SOURCE DATA:

== Segment start ==

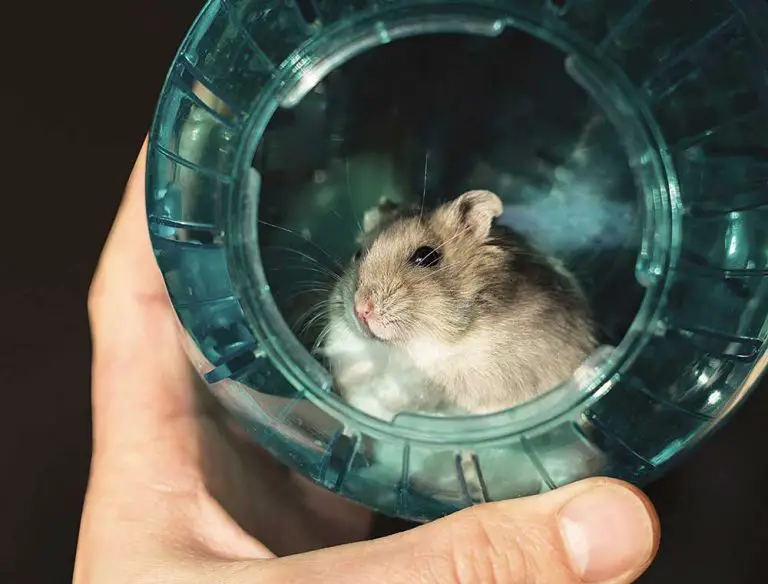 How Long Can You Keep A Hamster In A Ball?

== Segment end ==
== Segment start ==

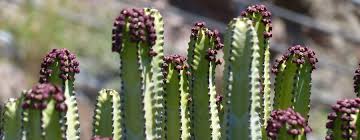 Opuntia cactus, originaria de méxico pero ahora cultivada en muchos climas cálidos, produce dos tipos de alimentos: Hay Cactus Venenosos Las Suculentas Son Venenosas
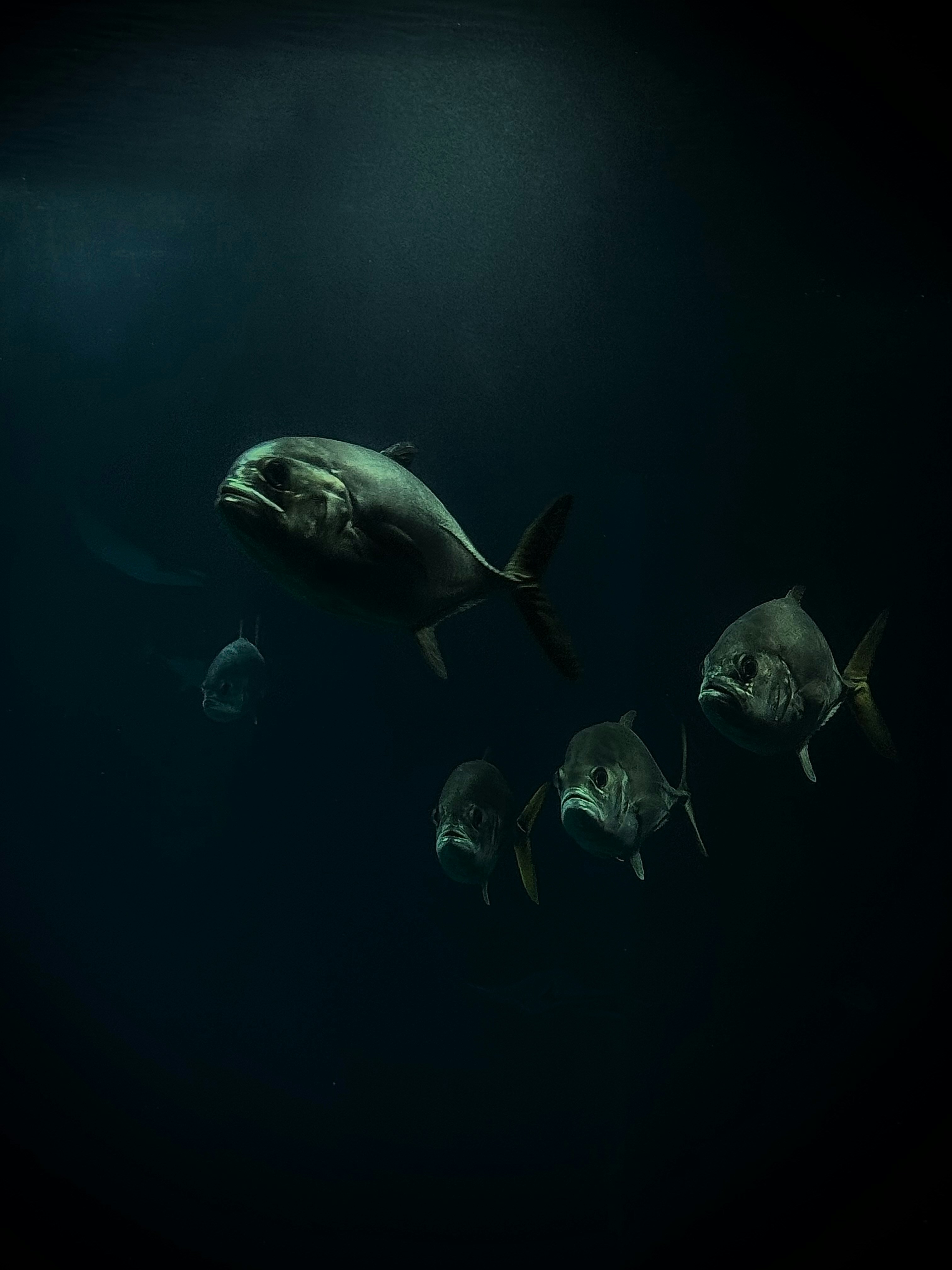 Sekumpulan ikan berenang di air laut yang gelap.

== Segment end ==
== Segment start ==

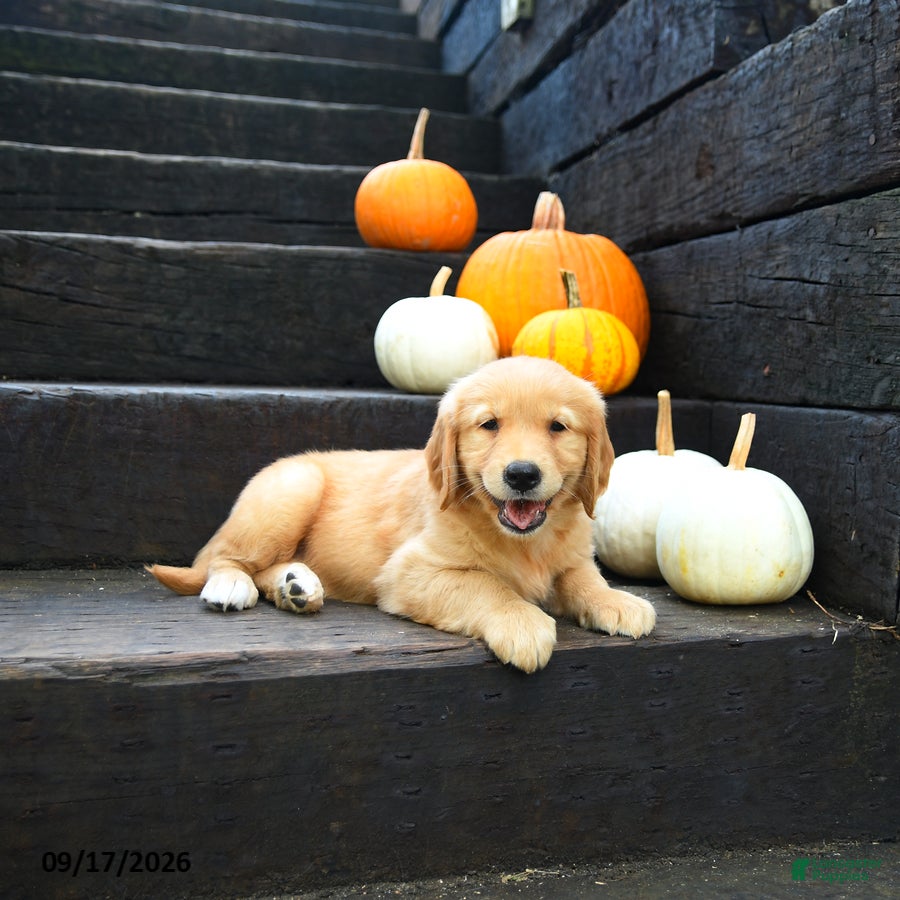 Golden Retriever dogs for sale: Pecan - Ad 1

== Segment end ==

ACTIVITY:
With the pictures omitted, copy exactly the lines of the listing above starting at the line containing "Opuntia cactus, originaria" and ending at the line containing "Sekumpulan ikan berenang", both included.

SOLUTION TO THIS PROBLEM:
 Opuntia cactus, originaria de méxico pero ahora cultivada en muchos climas cálidos, produce dos tipos de alimentos: Hay Cactus Venenosos Las Suculentas Son Venenosas
 Sekumpulan ikan berenang di air laut yang gelap.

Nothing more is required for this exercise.